> **Instructions to follow**:
Restate each record below word for word, skipping images.
*** Opening Supplied records ***
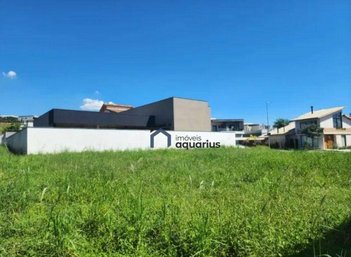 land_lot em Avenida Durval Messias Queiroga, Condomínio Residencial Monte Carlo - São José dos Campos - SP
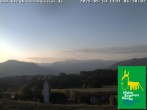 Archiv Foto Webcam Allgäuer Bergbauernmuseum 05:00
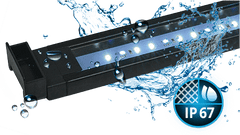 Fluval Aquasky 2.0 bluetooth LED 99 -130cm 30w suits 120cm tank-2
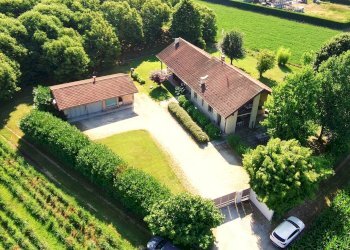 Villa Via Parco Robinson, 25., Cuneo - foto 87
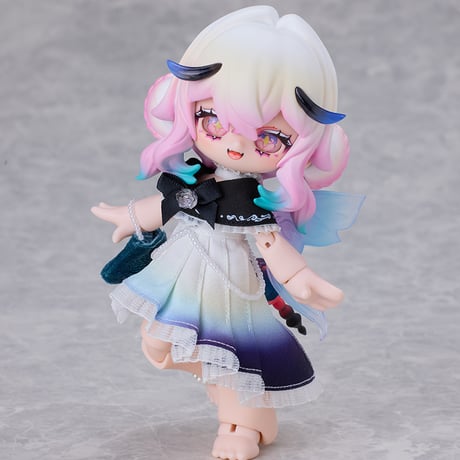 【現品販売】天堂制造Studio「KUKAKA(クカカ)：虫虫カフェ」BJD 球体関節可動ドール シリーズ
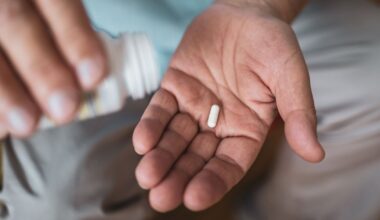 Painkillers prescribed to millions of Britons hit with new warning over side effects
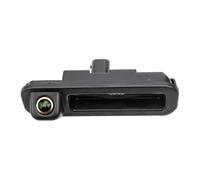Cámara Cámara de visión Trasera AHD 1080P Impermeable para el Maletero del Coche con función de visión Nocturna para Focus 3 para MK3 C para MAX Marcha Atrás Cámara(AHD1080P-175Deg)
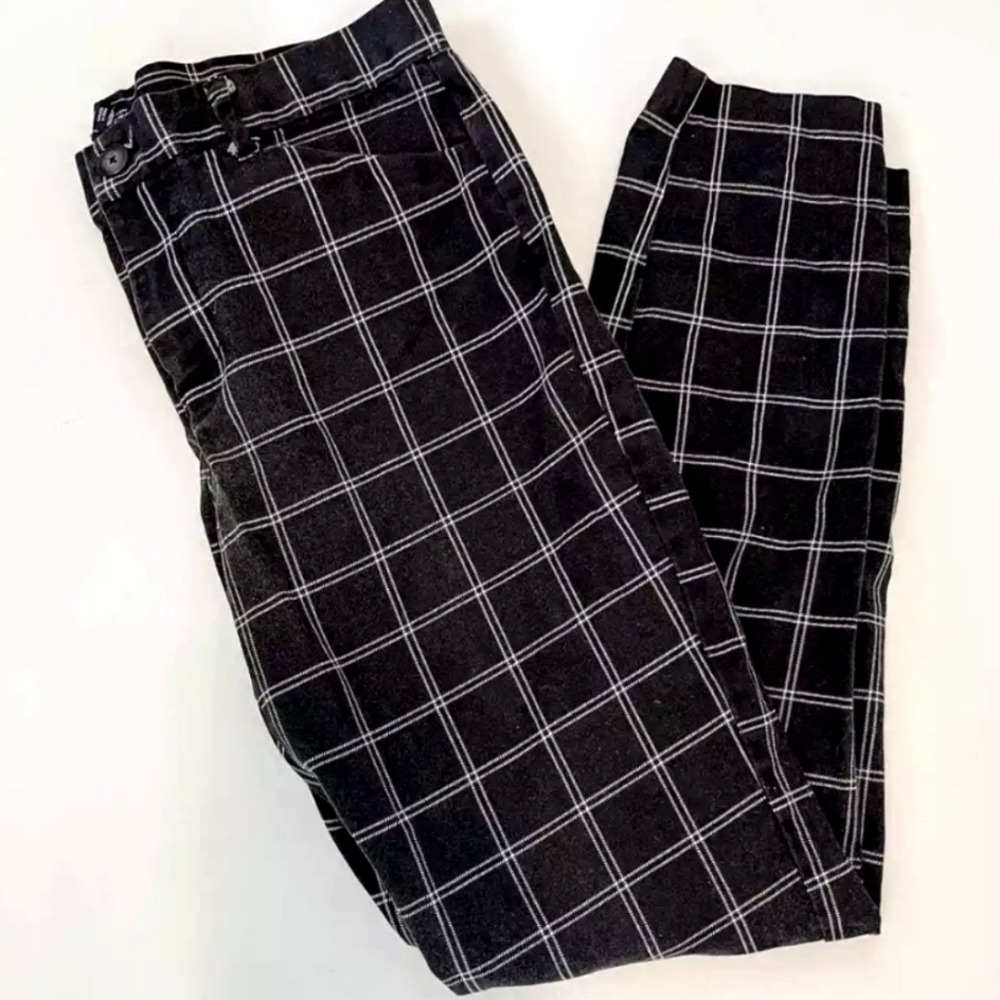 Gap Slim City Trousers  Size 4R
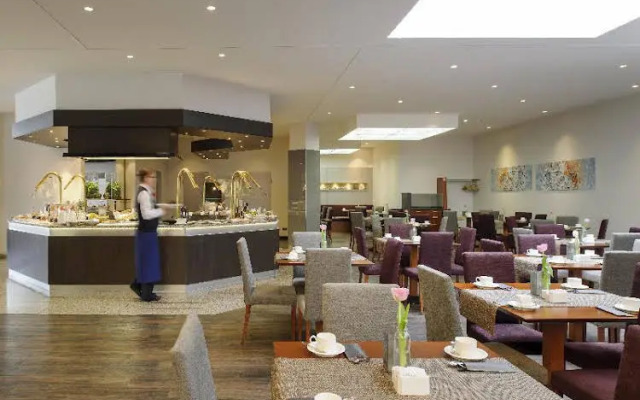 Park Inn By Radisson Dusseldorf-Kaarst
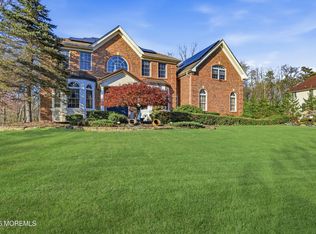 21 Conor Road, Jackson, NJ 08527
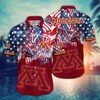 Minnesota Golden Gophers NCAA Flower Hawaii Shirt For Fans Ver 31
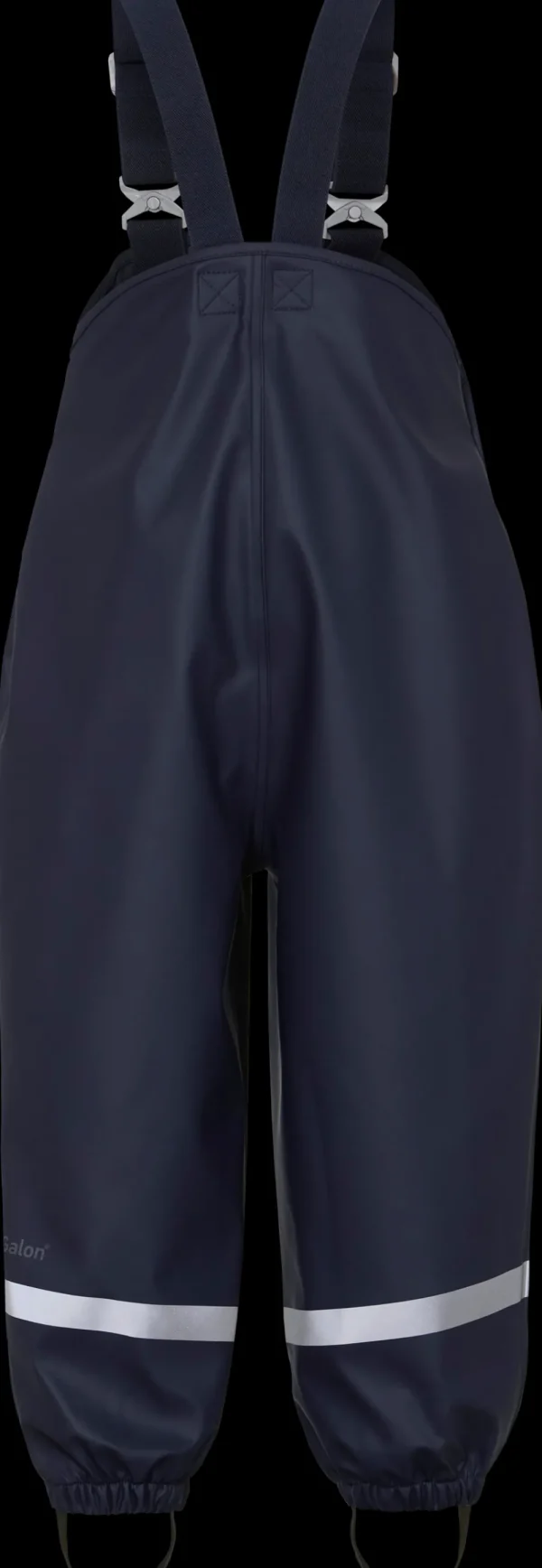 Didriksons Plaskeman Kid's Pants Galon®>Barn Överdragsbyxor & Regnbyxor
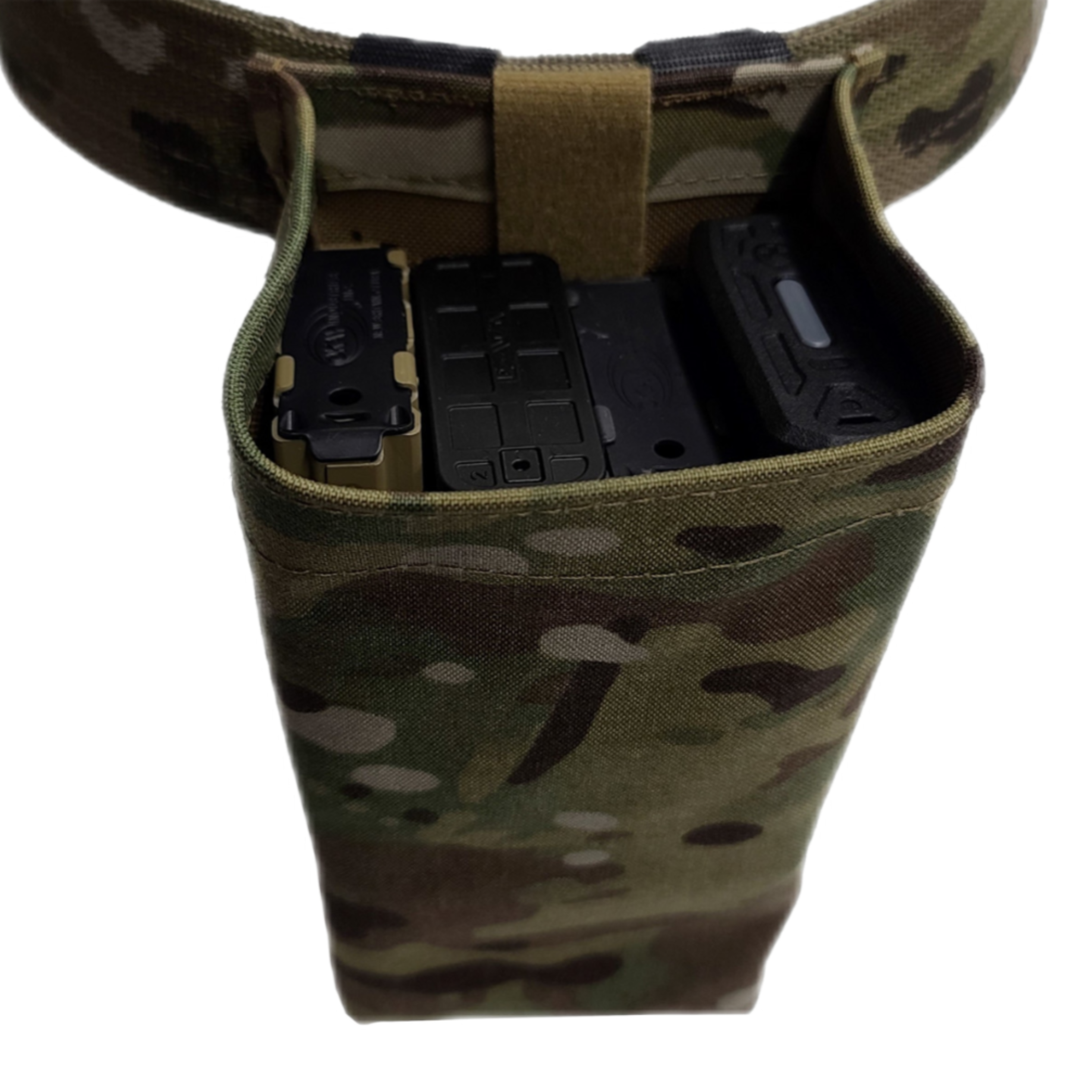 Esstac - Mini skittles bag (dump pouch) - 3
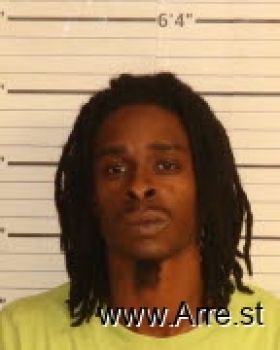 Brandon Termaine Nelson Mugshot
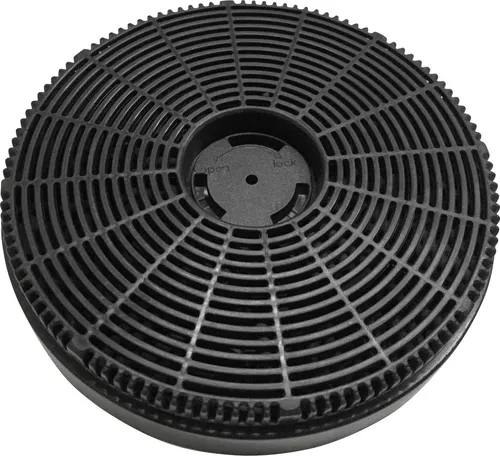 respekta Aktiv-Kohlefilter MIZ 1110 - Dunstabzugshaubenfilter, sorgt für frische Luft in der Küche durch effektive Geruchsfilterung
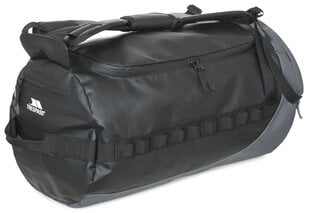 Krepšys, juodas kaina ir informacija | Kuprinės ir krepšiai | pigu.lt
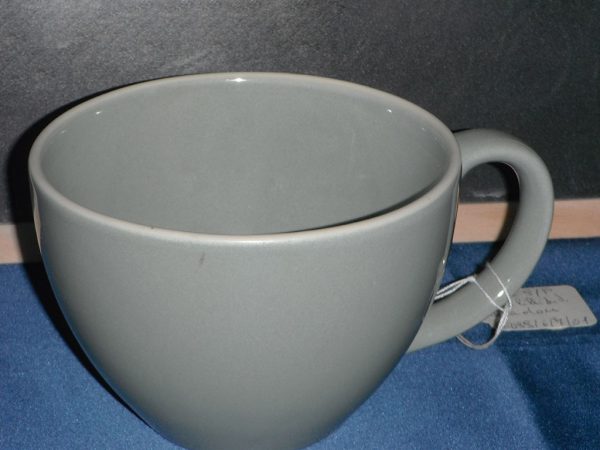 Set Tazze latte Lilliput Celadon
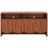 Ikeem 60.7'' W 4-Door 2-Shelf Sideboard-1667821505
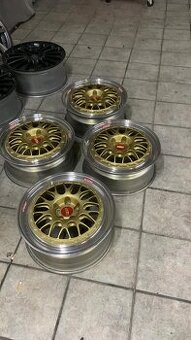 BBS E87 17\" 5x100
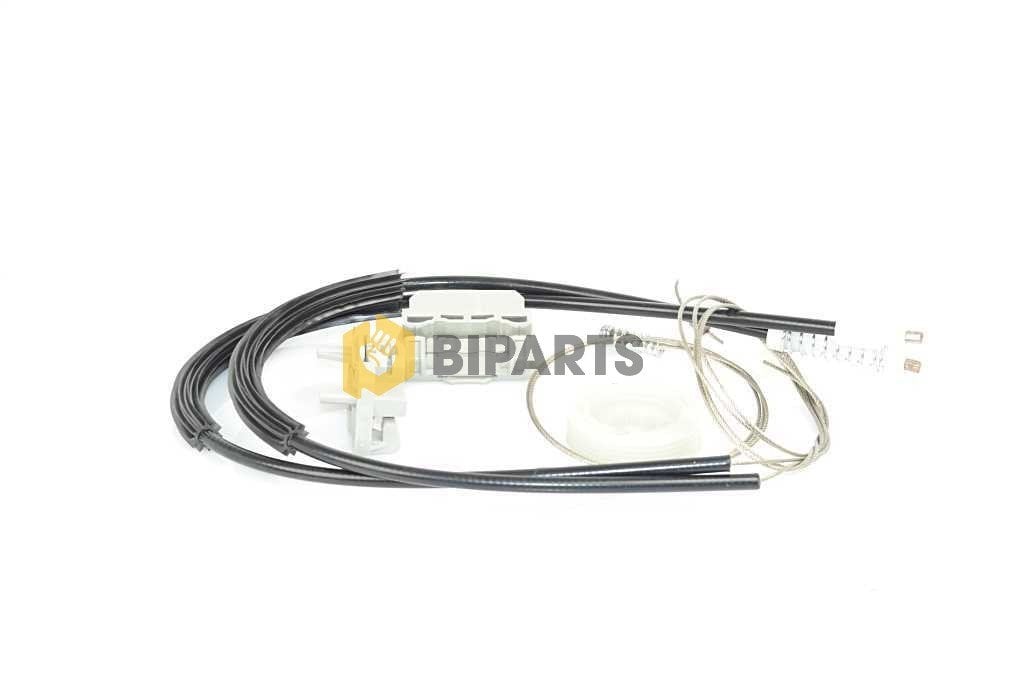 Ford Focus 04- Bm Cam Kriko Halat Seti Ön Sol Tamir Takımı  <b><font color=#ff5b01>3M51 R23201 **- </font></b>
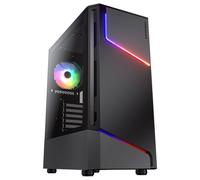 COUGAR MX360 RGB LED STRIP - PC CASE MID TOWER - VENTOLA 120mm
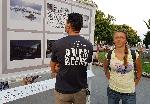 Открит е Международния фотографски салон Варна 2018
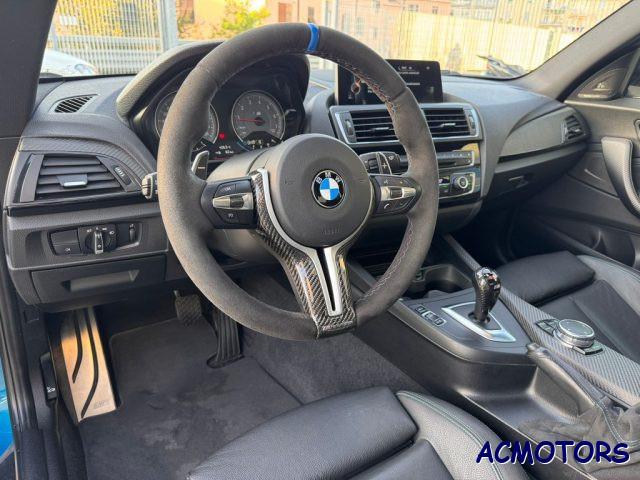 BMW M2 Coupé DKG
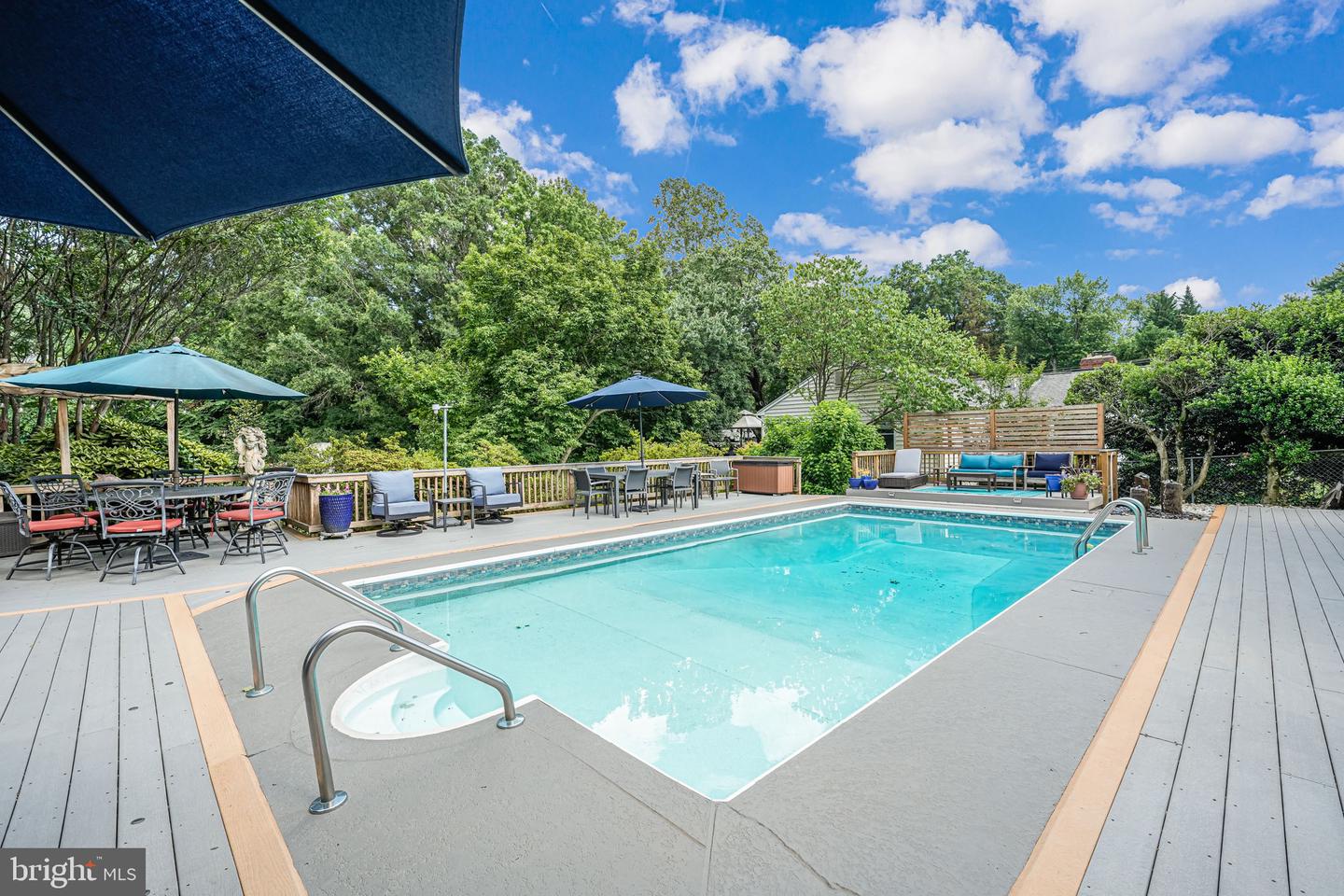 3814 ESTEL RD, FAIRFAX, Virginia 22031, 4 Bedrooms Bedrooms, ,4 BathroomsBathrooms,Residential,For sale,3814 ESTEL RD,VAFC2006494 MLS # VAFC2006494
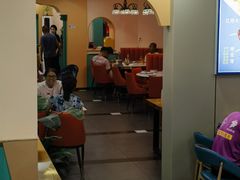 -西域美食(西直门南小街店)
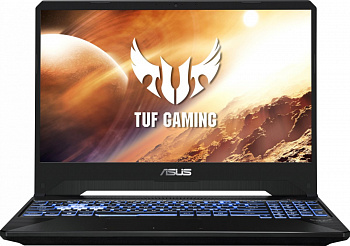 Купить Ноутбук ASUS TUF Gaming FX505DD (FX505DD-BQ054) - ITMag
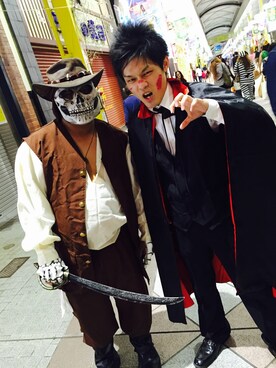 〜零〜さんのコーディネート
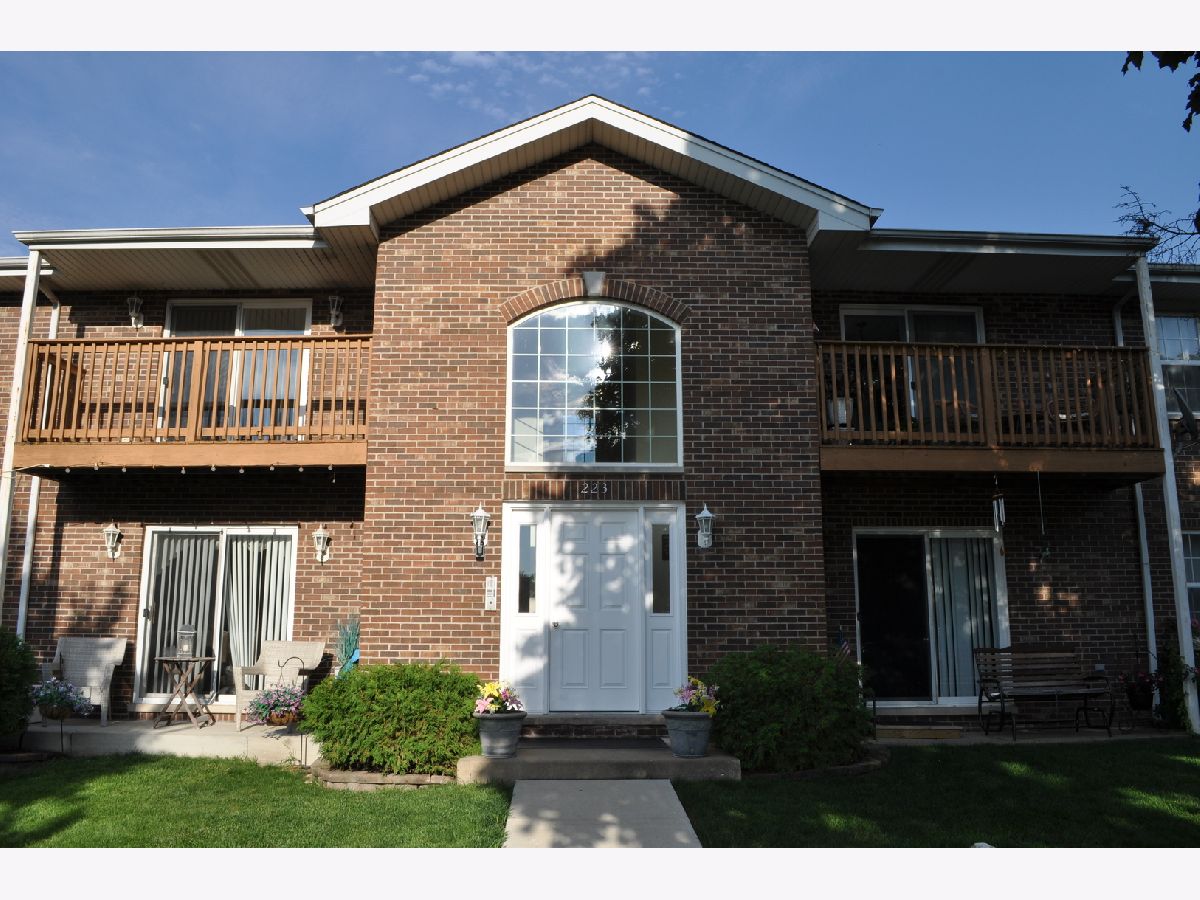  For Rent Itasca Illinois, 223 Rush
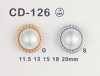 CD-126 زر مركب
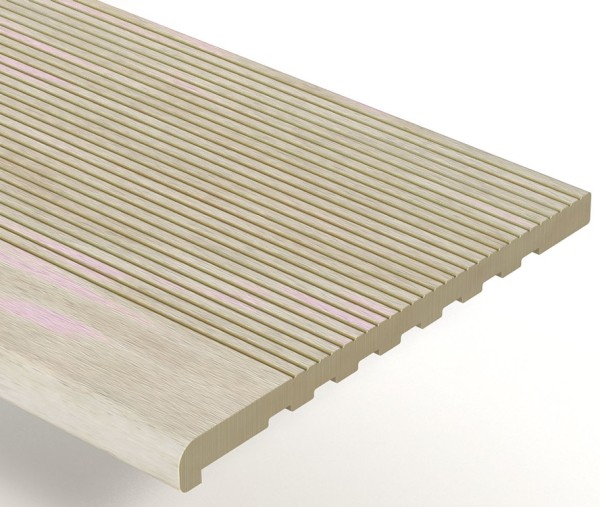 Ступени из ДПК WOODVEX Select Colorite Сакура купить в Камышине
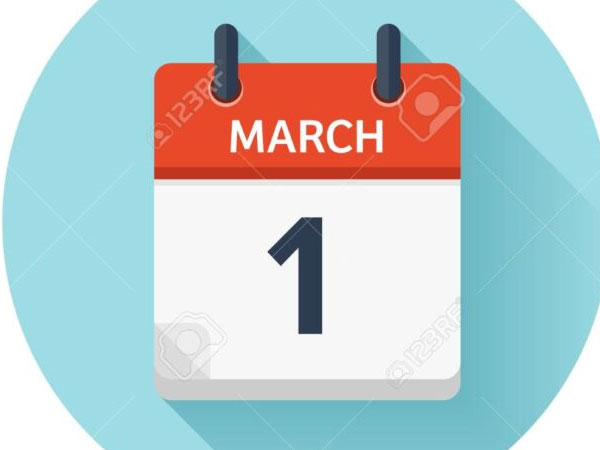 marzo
*** Closing Supplied records ***
> **Reply to the task**:
 land_lot em Avenida Durval Messias Queiroga, Condomínio Residencial Monte Carlo - São José dos Campos - SP
 Archiv Foto Webcam Allgäuer Bergbauernmuseum 05:00
 Fluval Aquasky 2.0 bluetooth LED 99 -130cm 30w suits 120cm tank-2
 Villa Via Parco Robinson, 25., Cuneo - foto 87
 【現品販売】天堂制造Studio「KUKAKA(クカカ)：虫虫カフェ」BJD 球体関節可動ドール シリーズ
 Painkillers prescribed to millions of Britons hit with new warning over side effects
Cámara Cámara de visión Trasera AHD 1080P Impermeable para el Maletero del Coche con función de visión Nocturna para Focus 3 para MK3 C para MAX Marcha Atrás Cámara(AHD1080P-175Deg)
 Gap Slim City Trousers  Size 4R
 Park Inn By Radisson Dusseldorf-Kaarst
 21 Conor Road, Jackson, NJ 08527
 Minnesota Golden Gophers NCAA Flower Hawaii Shirt For Fans Ver 31
 Didriksons Plaskeman Kid's Pants Galon®>Barn Överdragsbyxor & Regnbyxor
 Esstac - Mini skittles bag (dump pouch) - 3
 Brandon Termaine Nelson Mugshot
 respekta Aktiv-Kohlefilter MIZ 1110 - Dunstabzugshaubenfilter, sorgt für frische Luft in der Küche durch effektive Geruchsfilterung
 Krepšys, juodas kaina ir informacija | Kuprinės ir krepšiai | pigu.lt
 Set Tazze latte Lilliput Celadon
 Ikeem 60.7'' W 4-Door 2-Shelf Sideboard-1667821505
 BBS E87 17\" 5x100
 Ford Focus 04- Bm Cam Kriko Halat Seti Ön Sol Tamir Takımı  <b><font color=#ff5b01>3M51 R23201 **- </font></b>
 COUGAR MX360 RGB LED STRIP - PC CASE MID TOWER - VENTOLA 120mm
 Открит е Международния фотографски салон Варна 2018
 BMW M2 Coupé DKG
 3814 ESTEL RD, FAIRFAX, Virginia 22031, 4 Bedrooms Bedrooms, ,4 BathroomsBathrooms,Residential,For sale,3814 ESTEL RD,VAFC2006494 MLS # VAFC2006494
 -西域美食(西直门南小街店)
 Купить Ноутбук ASUS TUF Gaming FX505DD (FX505DD-BQ054) - ITMag
 〜零〜さんのコーディネート
  For Rent Itasca Illinois, 223 Rush
 CD-126 زر مركب
 Ступени из ДПК WOODVEX Select Colorite Сакура купить в Камышине
 marzo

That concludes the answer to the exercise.